YES magazine: Canada's Science Magazine for Kids
------------------------------------------------
Shannon Hunt, Managing Editor, YES Mag, 4175 Francisco Place,
Victoria, B.C. V8N 6H1. A quarterly nonfiction children's science
magazine based in Vancouver, B.C. Started in April 1996;
published in partnership with YES (Youth Engineering and Science)
Camps of Canada. Accepts queries and manuscripts by e-mail. Query
before submitting. Each issue is themed; query must be
appropriate for theme. Payment $.10/word (Canadian). Departments:
"Earth Update" "Sci and Tech Watch" -- short current newsy
pieces. Upcoming themes: Minerals (deadline Feb.17), Weather
Phenomenon (May 12), Science of the North (Aug 4). (Info rec'd
Dec.3)
E-mail: <yesmag@islandnet.com>
Website: http://www.islandnet.com/~yesmag/


MARKET FOCUS: MYTHIC HEROES
===========================

Mythic Heroes is a monthly speculative pulp fiction magazine in
the heroic genre. Individual stories range from light
contemporary fantasy to alternate historical drama,
anime-inspired comedy to dark mystery, with everything imaginable
in between.
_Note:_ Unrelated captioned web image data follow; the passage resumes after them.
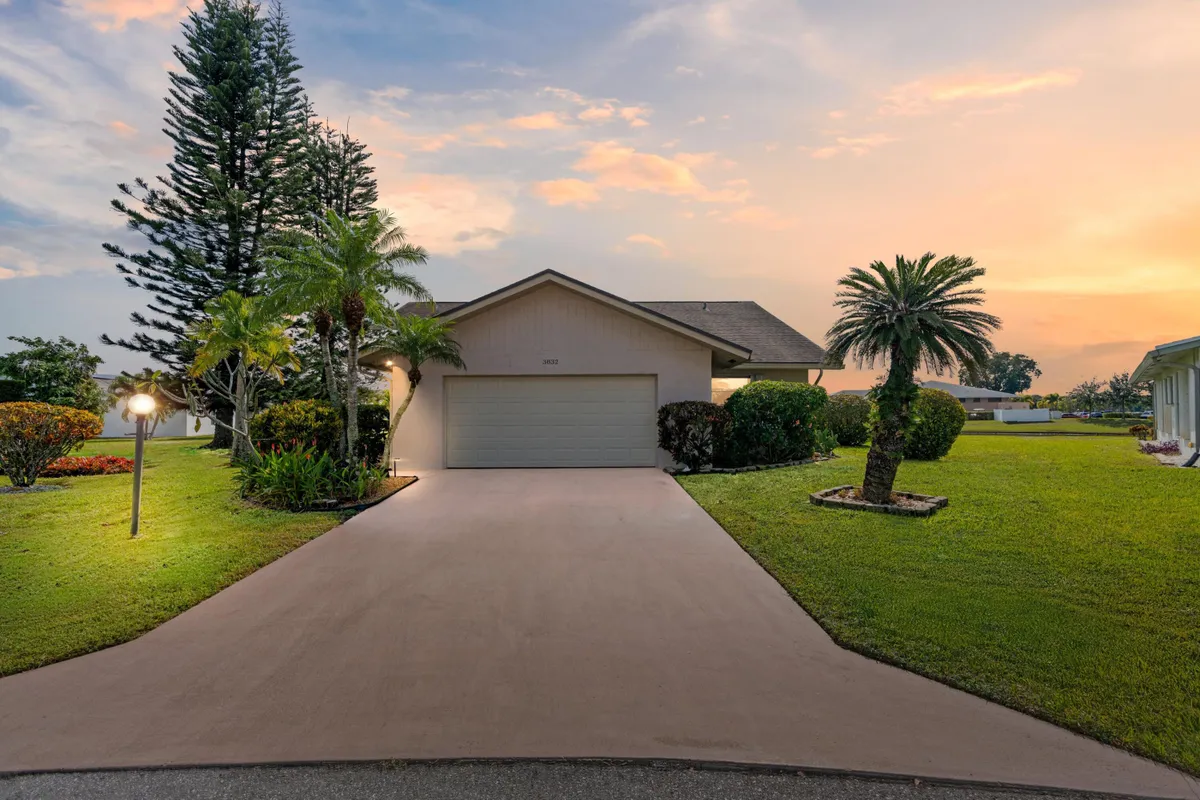 Property Slideshow image 1 of 51 | 3832 rowena cir, West Palm Beach, FL, 33417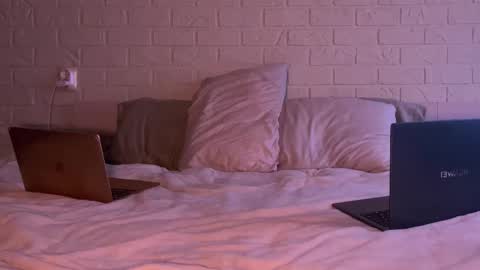 missmiroslava online show from 27, 3, 2026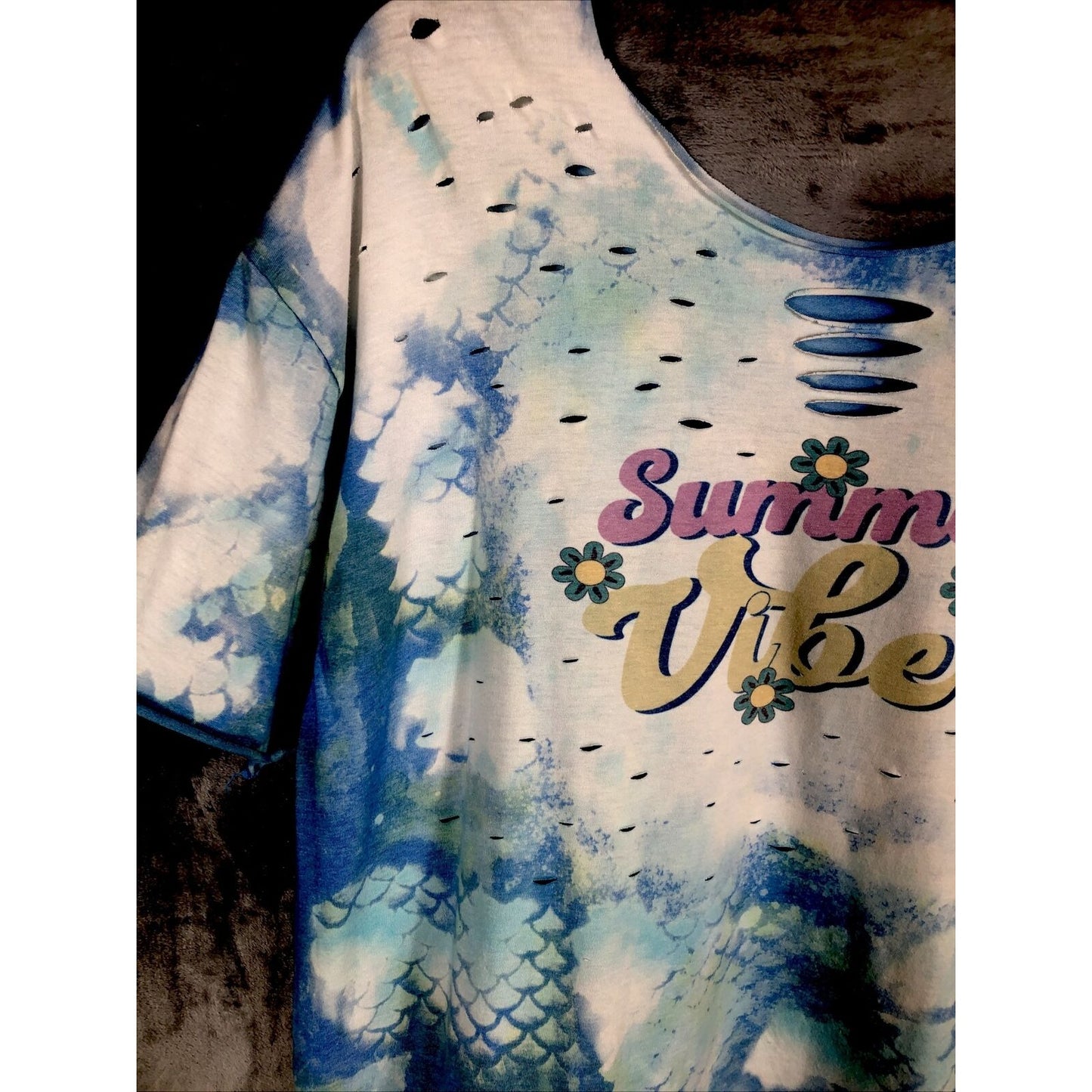 Summer Vibes Distressed Women’s Mermaid T-Shirt Size Adult ￼Extra Large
It pays $15 per "episode" plus royalty if sales goal
met. A Mythic Heroes story arc is six episodes or less, each
episode about 3,000 words in length. Email submissions are
encouraged (required, in fact).

Greg Fishbone is Chief Editor of Mythic Heroes and has the
following tips for writers:

"The most important thing is craftsmanship -- all of the elements
that go into writing a successful story for any market apply to
us as well. That covers everything from putting commas in the
right places to designing a believable story world and developing
interesting and unique characters. The second most important
thing is to follow our submission guidelines, especially
regarding subject matter and format. Even though our magazine is
called "Mythic Heroes," we are not looking for stories about how
the Earth Goddess battled the Fire God and brought life to the
universe (yes, that was an actual submission)."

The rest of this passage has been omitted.